» **PROBLEM TO WORK ON**:
Write the records out exactly as shown. No pictures.
*** AVAILABLE DATA
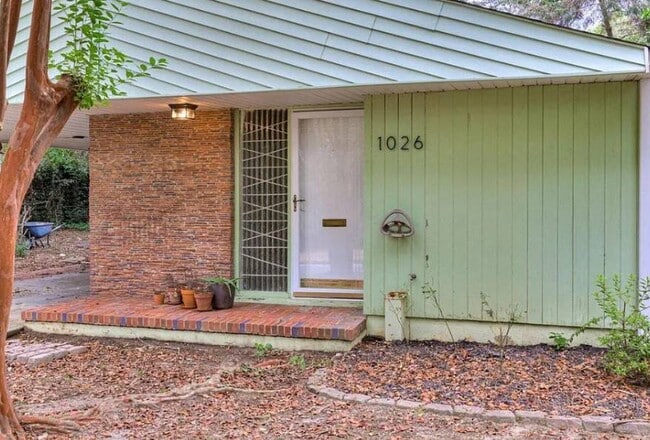 Building Photo - 1026 Clark Rd SW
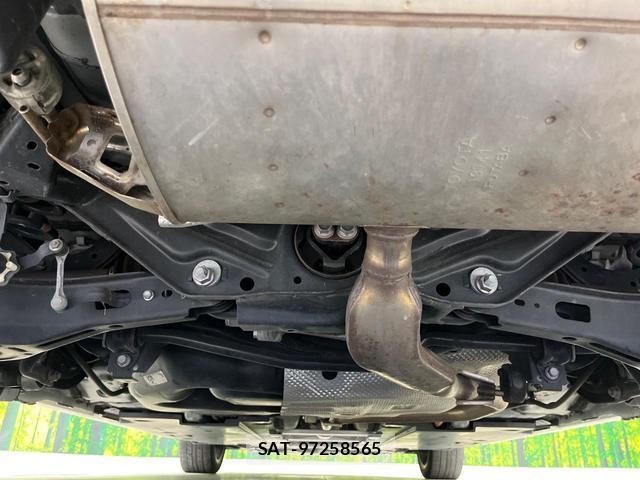 Toyota PRIUS 2019-11 8856695-18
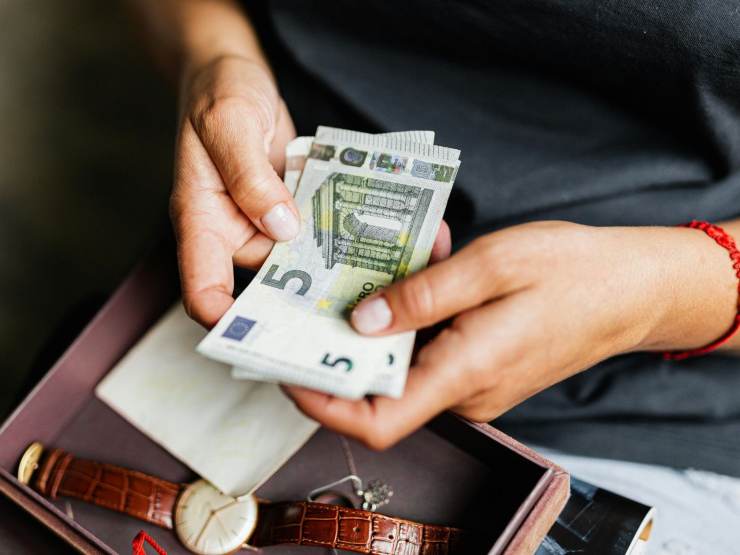 persona con banconote euro in mano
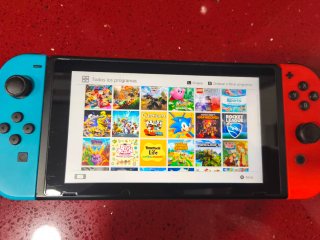 Nintendo Switch Azul/Rojo + Acces.+  M. 4. G. 1. A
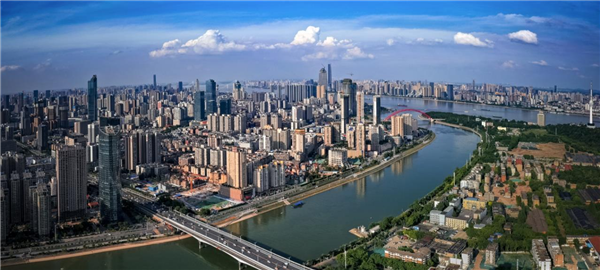 2025漢正街·武漢國際時裝周開幕在即_fororder_微信圖片_20250813094529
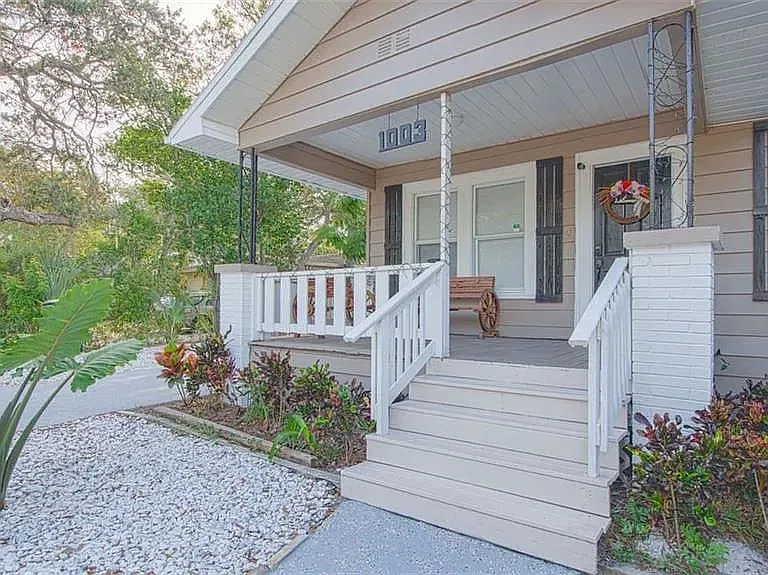 1003 Jasmine Way — Photo 4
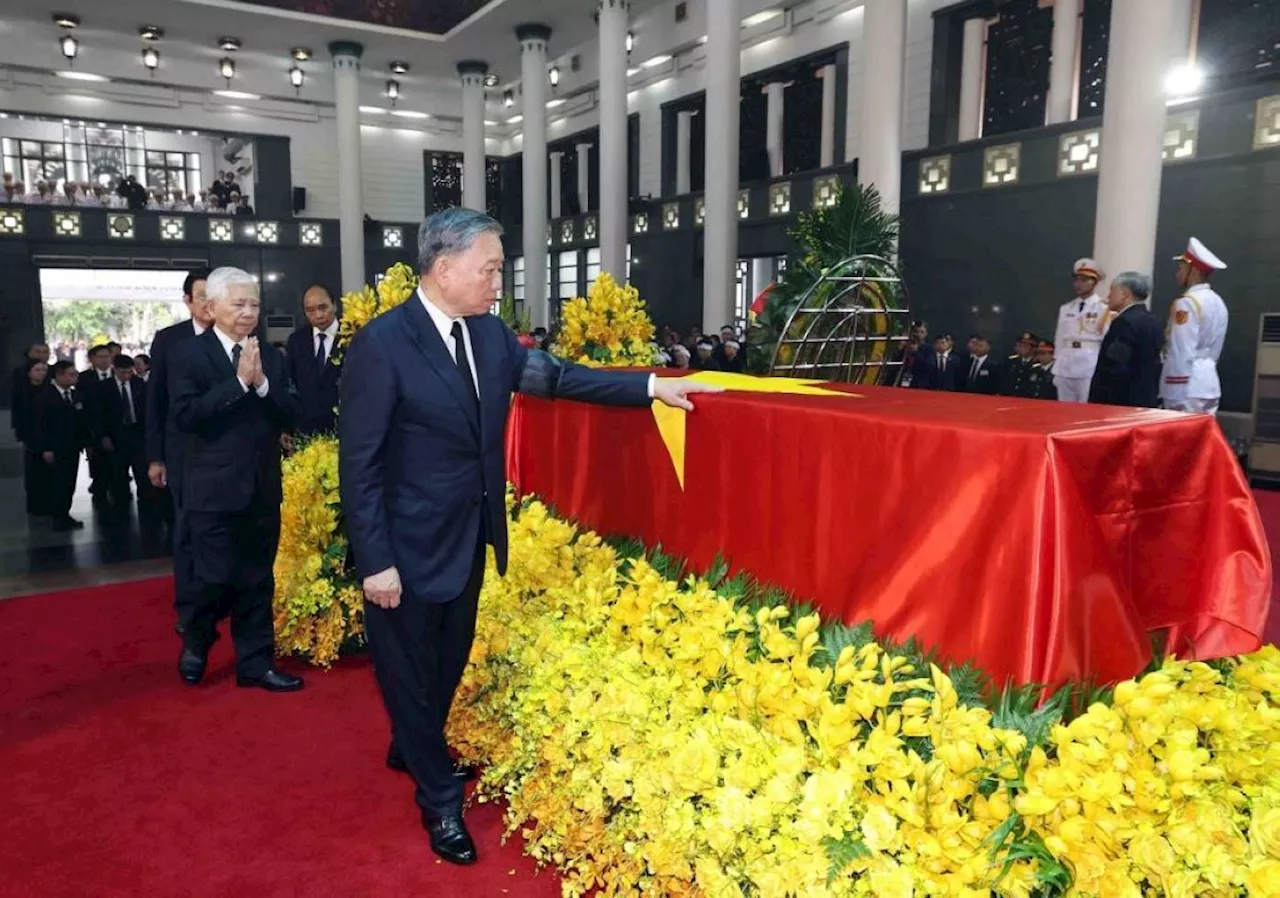 Mourners gather in Hanoi for party leader's funeral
******
» **REPLY**:
 Building Photo - 1026 Clark Rd SW
 Toyota PRIUS 2019-11 8856695-18
 persona con banconote euro in mano
 Nintendo Switch Azul/Rojo + Acces.+  M. 4. G. 1. A
 2025漢正街·武漢國際時裝周開幕在即_fororder_微信圖片_20250813094529
 1003 Jasmine Way — Photo 4
 Mourners gather in Hanoi for party leader's funeral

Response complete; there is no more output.